I broke free from fear-based anxiety a long time ago. But I still have episodes of anxiety. We all do, and it’s usually when we have trouble sorting through our emotions. To get a better handle on it, I’ve been trying to label the different kinds of anxiousness based on the colors of a rainbow.

I decided to use the first five colors of Newton’s primary color system because if I broke this down by all seven colors, I’d be stretching things. Understand that this isn’t a scientific breakdown; it’s simply how I’ve learned to process what I feel.

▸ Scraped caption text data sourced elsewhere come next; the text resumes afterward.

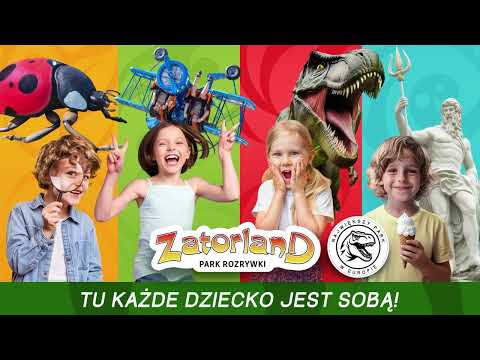 Zatorland! Tu każde dziecko jest sobą!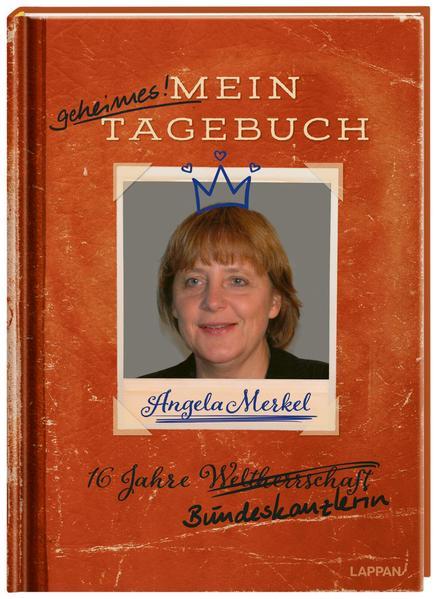 Angela Merkel – Mein geheimes Tagebuch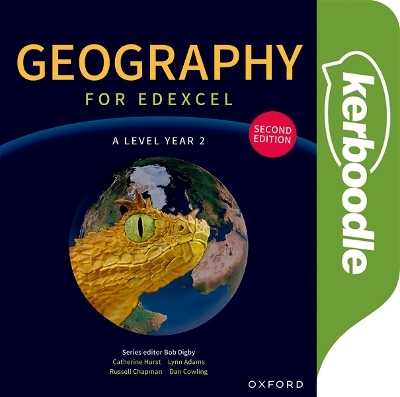 Geography for Edexcel A Level Year 2 Kerboodle Resources and Assessment -  Digby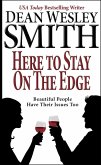Here to Stay on the Edge (eBook, ePUB)
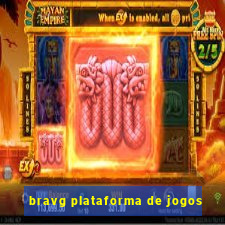 bravg plataforma de jogos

  • Red. This is the worst of the worst, the type of anxiety that makes you feel like you’re at death’s door. I used to suffer from this one all the time: a cold sweat breaking out on my forehead, my heart pounding so violently that I thought it would break bones, my feet tingling and a constant feeling of having to throw up. Fear is the trigger for this one, the kind of fear that made me not want to go places, take risks and live life in general. For me, Prozac has been a very effective weapon against red anxiety, as has my faith.
  • Orange. Fear plays a big role in this anxiety as well, but unlike red, orange is usually rooted in something stressful that is really happening in your life. You could be fighting a serious medical issue and worrying about losing the fight. You could be having financial trouble that results in routine stress but the anxiety magnifies it to monstrous proportions. I’ve had both varieties, with the disease taking the form of Crohn’s Disease and excrutiating back pain. Medication has helped here, too, but therapy to sort reality from a runaway imagination was key.
  • Yellow. This anxiety is usually triggered by a lot of sustained stress at work or home. Maybe your marriage has hit a rough patch or your job is riding on the success or failure of a huge project. To get through it, your body pumps more adrenaline than you need, and you get the overwhelmed feeling that keeps you from seeing the order of work items and their level of completion. The news business is a perfect place to experience this because you face daily deadlines and a tongue lashing from your bosses if a competitor gets a big story instead of you. I don’t experience that today, but when I worked for newspapers, this yellow anxiety was always with me. Remedies here include therapy, medicine, a heart-to-heart talk with the boss and, if necessary, a job or even a career change.
  • Green. This anxiety appears when the less-frequent stresses spark up. Yesterday was a perfect example in my world: I was already ramped up from spending the previous evening at the hospital holding vigil while my father faced emergency surgery that ultimately didn’t happen. The plumber was coming to install a new dishwasher, and to pound my mind into submission, I went on a chore spree. Then my cell phone died for good, and I had to spend the afternoon replacing it. The latter two events are problems we’re lucky to have, since the alternative is being too broke to afford these things. But it sent the day on a trajectory I hadn’t anticipated. The only cure for this one right now is to reach the end of the day and go to bed.
  • Blue. This is a small, sustained level of anxiety so slight that you usually don’t see it for what it is. It’s generally a byproduct of depression. In my case, blue anxiety shows itself in the winter, when a lack of daylight sends me into blue moods. Last winter I started taking Wellbutrin to help the Prozac work better when I’m in this state, and it helped. But what helps me the most is activity. Writing helps a lot and, this winter, I’m thinking the guitar my family got me for my birthday will be a lifesaver.

Whatever level of anxiety you have, none of it has to be permanent. You simply have to choose to do something about it and ask those around you to help you stick to whatever you go with. Without Erin and the kids, I’m pretty sure I’d still be hiding under a rock somewhere.

Puking Cloud

{ 2 comments… read them below or add one }

Todd 'tojosan' Jordan June 15, 2013 at 5:46 pm

I have the ‘knotted brain’ level of anxiety at times.
When that hits, I never thought to call it out as a color.
Based on your chart, it’s yellow.

Thanks for sharing.

Nicole September 10, 2013 at 2:21 pm

Thank you for sharing this. When I was in counseling, I used to categorize my anxiety on a number scale, but it was based solely on how I felt rather than truly categorizing it based on what caused it or what was happening. I like the idea of using the colors as you have. I think it could be much more effective. I hope you don’t mind if I steal your idea for my own use.